--- Source information ---
□ □ □

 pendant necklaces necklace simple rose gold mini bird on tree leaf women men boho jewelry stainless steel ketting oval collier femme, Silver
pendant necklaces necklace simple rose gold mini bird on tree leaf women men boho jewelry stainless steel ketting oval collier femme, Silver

□ □ □

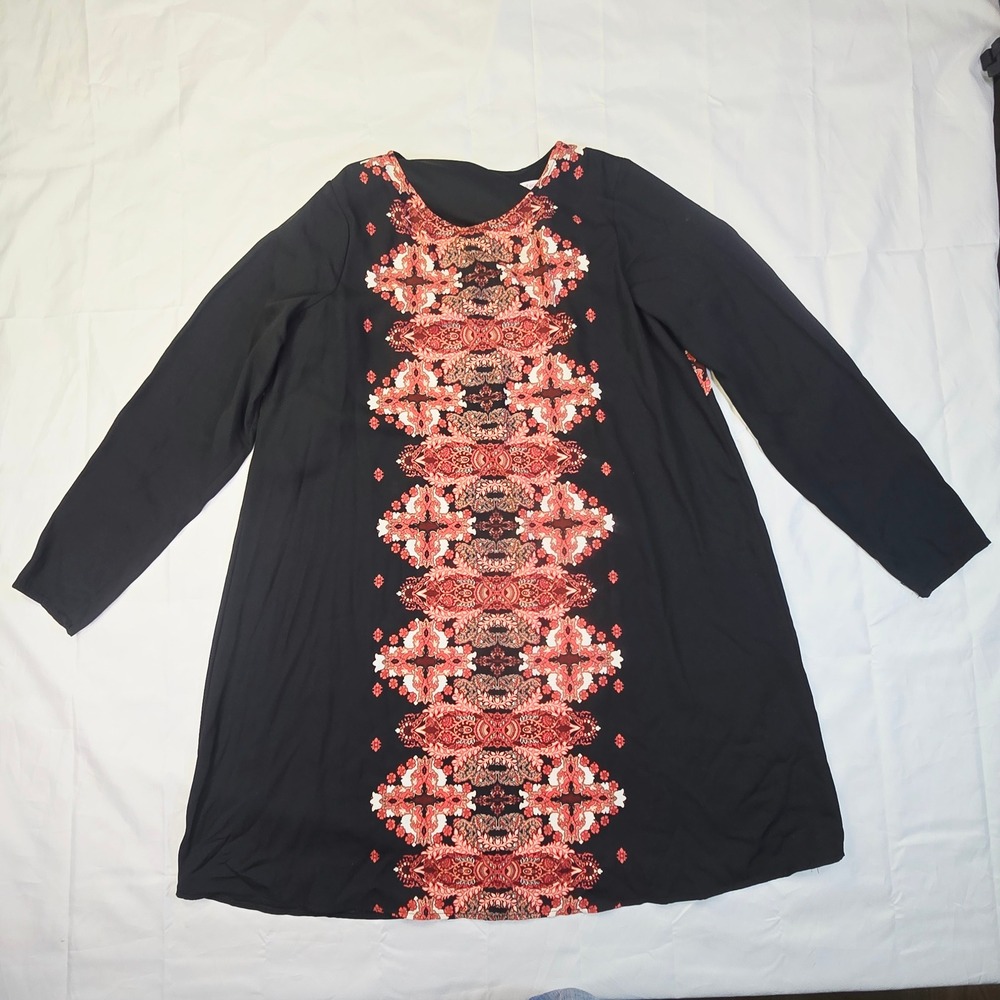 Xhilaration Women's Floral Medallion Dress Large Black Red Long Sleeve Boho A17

□ □ □

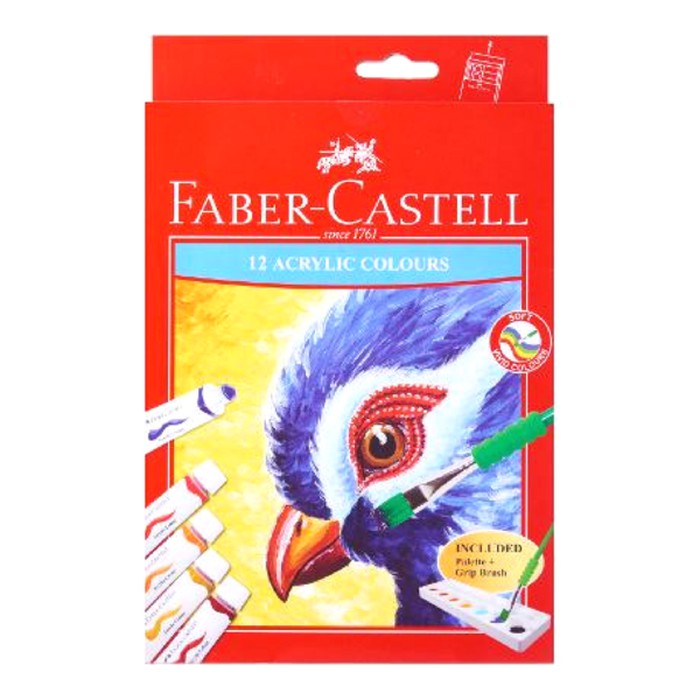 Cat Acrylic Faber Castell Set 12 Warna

□ □ □

--- Work instruction ---
Filter the data above, keeping only lines that include the string "pendant".

--- Result of the task ---
 pendant necklaces necklace simple rose gold mini bird on tree leaf women men boho jewelry stainless steel ketting oval collier femme, Silver
pendant necklaces necklace simple rose gold mini bird on tree leaf women men boho jewelry stainless steel ketting oval collier femme, Silver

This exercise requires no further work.